§ **Provided entries**
☆ ☆ ☆ ☆ ☆ ☆ ☆

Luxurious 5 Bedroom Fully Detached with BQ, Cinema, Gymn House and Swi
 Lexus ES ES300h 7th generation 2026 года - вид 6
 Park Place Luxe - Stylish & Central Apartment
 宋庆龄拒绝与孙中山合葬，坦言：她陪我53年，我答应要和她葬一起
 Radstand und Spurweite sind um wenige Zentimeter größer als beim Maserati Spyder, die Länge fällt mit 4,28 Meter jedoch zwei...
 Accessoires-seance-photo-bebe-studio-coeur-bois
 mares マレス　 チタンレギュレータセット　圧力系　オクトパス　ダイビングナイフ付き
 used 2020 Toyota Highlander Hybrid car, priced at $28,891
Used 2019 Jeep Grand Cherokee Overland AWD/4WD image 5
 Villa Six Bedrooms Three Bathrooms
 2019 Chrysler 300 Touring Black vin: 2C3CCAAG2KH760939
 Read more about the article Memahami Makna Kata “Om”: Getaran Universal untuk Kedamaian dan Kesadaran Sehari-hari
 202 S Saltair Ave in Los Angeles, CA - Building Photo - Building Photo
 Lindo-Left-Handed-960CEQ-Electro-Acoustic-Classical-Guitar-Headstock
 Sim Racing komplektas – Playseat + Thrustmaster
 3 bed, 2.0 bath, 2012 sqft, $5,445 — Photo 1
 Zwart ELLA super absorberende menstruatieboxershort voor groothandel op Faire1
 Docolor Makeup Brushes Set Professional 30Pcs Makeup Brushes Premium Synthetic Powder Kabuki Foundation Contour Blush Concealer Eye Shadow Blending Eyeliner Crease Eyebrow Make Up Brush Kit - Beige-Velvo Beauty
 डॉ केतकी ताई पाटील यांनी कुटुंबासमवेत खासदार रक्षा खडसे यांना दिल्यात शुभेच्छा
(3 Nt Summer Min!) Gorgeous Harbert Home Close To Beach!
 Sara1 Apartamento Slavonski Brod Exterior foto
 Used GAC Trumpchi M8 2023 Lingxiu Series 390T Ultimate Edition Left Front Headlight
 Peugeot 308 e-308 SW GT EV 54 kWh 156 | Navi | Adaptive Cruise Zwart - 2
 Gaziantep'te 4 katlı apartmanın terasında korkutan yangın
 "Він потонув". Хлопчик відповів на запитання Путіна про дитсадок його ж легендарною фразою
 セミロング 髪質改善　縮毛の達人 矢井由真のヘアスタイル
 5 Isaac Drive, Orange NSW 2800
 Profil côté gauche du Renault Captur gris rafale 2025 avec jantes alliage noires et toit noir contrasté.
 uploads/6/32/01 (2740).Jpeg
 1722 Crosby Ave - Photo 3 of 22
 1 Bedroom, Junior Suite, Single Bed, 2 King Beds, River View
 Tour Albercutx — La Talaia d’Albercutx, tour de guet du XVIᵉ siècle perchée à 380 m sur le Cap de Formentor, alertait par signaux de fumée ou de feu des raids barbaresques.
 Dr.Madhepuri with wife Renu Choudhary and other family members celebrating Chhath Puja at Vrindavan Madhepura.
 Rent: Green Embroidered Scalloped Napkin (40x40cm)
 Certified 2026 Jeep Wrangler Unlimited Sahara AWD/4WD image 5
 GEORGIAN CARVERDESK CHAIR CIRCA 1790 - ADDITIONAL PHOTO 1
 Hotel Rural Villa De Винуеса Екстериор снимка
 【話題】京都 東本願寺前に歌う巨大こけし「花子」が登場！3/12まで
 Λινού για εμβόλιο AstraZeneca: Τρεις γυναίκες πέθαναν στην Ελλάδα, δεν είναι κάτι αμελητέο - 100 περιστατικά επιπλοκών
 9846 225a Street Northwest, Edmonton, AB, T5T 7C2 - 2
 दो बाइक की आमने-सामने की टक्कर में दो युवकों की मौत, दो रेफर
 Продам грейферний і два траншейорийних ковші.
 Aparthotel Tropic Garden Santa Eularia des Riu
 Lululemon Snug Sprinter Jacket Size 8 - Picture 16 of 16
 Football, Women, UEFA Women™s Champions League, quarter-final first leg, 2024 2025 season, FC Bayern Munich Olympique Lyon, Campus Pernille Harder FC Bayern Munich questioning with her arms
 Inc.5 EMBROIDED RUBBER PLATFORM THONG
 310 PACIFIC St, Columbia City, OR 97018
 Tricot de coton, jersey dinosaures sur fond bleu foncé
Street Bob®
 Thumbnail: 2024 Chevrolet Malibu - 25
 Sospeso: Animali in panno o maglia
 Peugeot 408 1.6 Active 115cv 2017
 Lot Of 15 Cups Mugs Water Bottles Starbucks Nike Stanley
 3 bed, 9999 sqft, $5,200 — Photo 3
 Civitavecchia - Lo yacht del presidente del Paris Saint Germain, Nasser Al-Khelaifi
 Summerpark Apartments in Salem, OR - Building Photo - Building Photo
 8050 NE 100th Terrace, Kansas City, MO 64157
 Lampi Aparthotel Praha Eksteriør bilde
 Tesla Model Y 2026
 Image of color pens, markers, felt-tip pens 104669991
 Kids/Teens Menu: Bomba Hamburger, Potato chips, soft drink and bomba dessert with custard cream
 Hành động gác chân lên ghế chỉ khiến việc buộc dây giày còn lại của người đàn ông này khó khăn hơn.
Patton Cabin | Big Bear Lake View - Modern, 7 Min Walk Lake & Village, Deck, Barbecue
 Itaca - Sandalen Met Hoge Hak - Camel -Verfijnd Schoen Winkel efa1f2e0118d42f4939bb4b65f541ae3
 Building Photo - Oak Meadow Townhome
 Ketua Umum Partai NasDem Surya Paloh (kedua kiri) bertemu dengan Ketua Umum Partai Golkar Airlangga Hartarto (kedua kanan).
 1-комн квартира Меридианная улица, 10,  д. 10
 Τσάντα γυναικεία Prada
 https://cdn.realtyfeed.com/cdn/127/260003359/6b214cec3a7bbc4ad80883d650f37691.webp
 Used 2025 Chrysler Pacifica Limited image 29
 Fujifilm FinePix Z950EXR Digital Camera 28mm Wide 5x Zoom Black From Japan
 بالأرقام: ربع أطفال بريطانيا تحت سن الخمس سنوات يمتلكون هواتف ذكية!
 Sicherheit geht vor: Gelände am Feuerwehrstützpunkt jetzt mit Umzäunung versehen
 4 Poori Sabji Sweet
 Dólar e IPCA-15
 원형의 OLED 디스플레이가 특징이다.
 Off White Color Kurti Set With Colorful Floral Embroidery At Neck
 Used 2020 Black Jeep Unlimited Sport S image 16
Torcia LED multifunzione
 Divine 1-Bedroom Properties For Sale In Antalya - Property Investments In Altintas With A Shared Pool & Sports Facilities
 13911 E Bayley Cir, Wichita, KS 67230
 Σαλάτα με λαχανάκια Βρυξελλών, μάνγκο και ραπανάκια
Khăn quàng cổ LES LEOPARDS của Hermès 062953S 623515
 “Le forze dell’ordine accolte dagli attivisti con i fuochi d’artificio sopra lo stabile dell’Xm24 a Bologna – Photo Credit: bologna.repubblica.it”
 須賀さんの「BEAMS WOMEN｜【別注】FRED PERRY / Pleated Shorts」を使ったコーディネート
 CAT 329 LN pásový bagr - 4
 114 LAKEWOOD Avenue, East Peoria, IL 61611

☆ ☆ ☆ ☆ ☆ ☆ ☆

§ **What you are asked to do**
Your answer should be the lines of the listing above between the line holding "Lexus ES ES300h" and the line holding "Peugeot 308 e-308", inclusive, restated word for word and alone.

§ **Exercise result**
 Lexus ES ES300h 7th generation 2026 года - вид 6
 Park Place Luxe - Stylish & Central Apartment
 宋庆龄拒绝与孙中山合葬，坦言：她陪我53年，我答应要和她葬一起
 Radstand und Spurweite sind um wenige Zentimeter größer als beim Maserati Spyder, die Länge fällt mit 4,28 Meter jedoch zwei...
 Accessoires-seance-photo-bebe-studio-coeur-bois
 mares マレス　 チタンレギュレータセット　圧力系　オクトパス　ダイビングナイフ付き
 used 2020 Toyota Highlander Hybrid car, priced at $28,891
Used 2019 Jeep Grand Cherokee Overland AWD/4WD image 5
 Villa Six Bedrooms Three Bathrooms
 2019 Chrysler 300 Touring Black vin: 2C3CCAAG2KH760939
 Read more about the article Memahami Makna Kata “Om”: Getaran Universal untuk Kedamaian dan Kesadaran Sehari-hari
 202 S Saltair Ave in Los Angeles, CA - Building Photo - Building Photo
 Lindo-Left-Handed-960CEQ-Electro-Acoustic-Classical-Guitar-Headstock
 Sim Racing komplektas – Playseat + Thrustmaster
 3 bed, 2.0 bath, 2012 sqft, $5,445 — Photo 1
 Zwart ELLA super absorberende menstruatieboxershort voor groothandel op Faire1
 Docolor Makeup Brushes Set Professional 30Pcs Makeup Brushes Premium Synthetic Powder Kabuki Foundation Contour Blush Concealer Eye Shadow Blending Eyeliner Crease Eyebrow Make Up Brush Kit - Beige-Velvo Beauty
 डॉ केतकी ताई पाटील यांनी कुटुंबासमवेत खासदार रक्षा खडसे यांना दिल्यात शुभेच्छा
(3 Nt Summer Min!) Gorgeous Harbert Home Close To Beach!
 Sara1 Apartamento Slavonski Brod Exterior foto
 Used GAC Trumpchi M8 2023 Lingxiu Series 390T Ultimate Edition Left Front Headlight
 Peugeot 308 e-308 SW GT EV 54 kWh 156 | Navi | Adaptive Cruise Zwart - 2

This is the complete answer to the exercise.